The second day of Christmas in the Orthodox Church is dedicated to the Theotokos.
When the fulness of time came, in her and through her, mankind was deemed ready to receive the Saviour and Redeemer promised by the prophets. At that moment she represented the whole of creation, as she was the best fruit of it through her own efforts which met with the grace of God. ‘Behold the handmaid of the Lord; be it done unto me according to thy word’ (Lk 1,38).
By her complete obedience to the will of God she restored the possibility of direct communication between the Creator and his creation, broken by sin and disobedience, and became a ‘bridge from earth to Heaven’ (The Akathistos). In fact, correcting the misdeed of the first Eve, Mary became the second or the new Eve bringing mankind back to Christ, the new Adam: ‘thou, far famed, hast paid back the old debt of Eve by the new Adam appearing for our sake’ (Sunday Matins, tone 1). Or, in the words of another canticle: ‘In past times the serpent trampled me and put me to death through our mother Eve: while now he who fashioned me, has through thee, O pure Virgin, called me up from corruption’ (Sunday Matins, tone 8).

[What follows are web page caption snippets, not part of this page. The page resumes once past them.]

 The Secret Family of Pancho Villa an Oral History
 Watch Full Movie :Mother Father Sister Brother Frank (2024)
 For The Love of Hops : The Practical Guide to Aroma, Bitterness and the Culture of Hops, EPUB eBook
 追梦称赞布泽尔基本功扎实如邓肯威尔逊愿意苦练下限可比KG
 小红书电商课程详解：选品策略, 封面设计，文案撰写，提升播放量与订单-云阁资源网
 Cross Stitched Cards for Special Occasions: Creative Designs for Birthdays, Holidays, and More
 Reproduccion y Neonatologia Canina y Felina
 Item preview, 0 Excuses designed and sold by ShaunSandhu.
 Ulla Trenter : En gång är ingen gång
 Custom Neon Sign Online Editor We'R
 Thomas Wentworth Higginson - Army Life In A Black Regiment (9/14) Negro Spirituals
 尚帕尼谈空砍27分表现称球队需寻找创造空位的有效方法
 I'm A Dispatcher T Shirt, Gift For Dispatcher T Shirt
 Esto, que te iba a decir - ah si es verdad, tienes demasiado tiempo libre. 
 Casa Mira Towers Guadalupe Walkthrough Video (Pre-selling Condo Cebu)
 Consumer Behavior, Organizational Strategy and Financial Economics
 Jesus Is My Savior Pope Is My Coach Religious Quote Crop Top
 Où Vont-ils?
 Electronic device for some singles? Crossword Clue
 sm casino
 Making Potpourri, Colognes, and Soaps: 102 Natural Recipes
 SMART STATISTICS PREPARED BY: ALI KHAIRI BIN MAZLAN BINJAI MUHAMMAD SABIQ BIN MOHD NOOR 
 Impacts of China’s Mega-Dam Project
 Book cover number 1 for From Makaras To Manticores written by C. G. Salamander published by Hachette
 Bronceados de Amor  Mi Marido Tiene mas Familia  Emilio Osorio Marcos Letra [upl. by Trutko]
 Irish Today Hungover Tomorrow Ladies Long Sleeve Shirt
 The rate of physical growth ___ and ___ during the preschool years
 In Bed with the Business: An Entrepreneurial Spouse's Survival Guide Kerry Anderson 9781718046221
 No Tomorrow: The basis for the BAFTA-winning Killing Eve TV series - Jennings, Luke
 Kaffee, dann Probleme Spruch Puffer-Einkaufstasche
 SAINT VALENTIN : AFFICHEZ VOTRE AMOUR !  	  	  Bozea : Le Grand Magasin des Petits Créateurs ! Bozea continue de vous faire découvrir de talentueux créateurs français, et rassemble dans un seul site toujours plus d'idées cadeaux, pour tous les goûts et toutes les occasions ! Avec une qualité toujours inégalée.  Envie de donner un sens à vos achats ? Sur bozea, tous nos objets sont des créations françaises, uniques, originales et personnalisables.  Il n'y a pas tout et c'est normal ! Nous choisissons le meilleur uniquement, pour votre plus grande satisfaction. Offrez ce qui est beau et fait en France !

The christological orientation of orthodox mariology with its particular stress on the mystery of the Incarnation is to be referred directly to the third Ecumenical Council of Ephesus, A.D. 431. This Council in its deliberations on the nature of Christ, the second person of the holy Trinity, the only-begotten Son of God consubstantial with the Father, called Mary the true Theotokos, the Mother of God. ‘The name Theotokos stresses the fact that the child whom Mary bore was not a “simple man”, not a human person, but the only-begotten Son of God, one of the holy Trinity, yet incarnate.
This is obviously the cornerstone of the orthodox faith. Thus, the veneration of the Theotokos is inseparable from the magnification of Christ, the Incarnate God, the Word.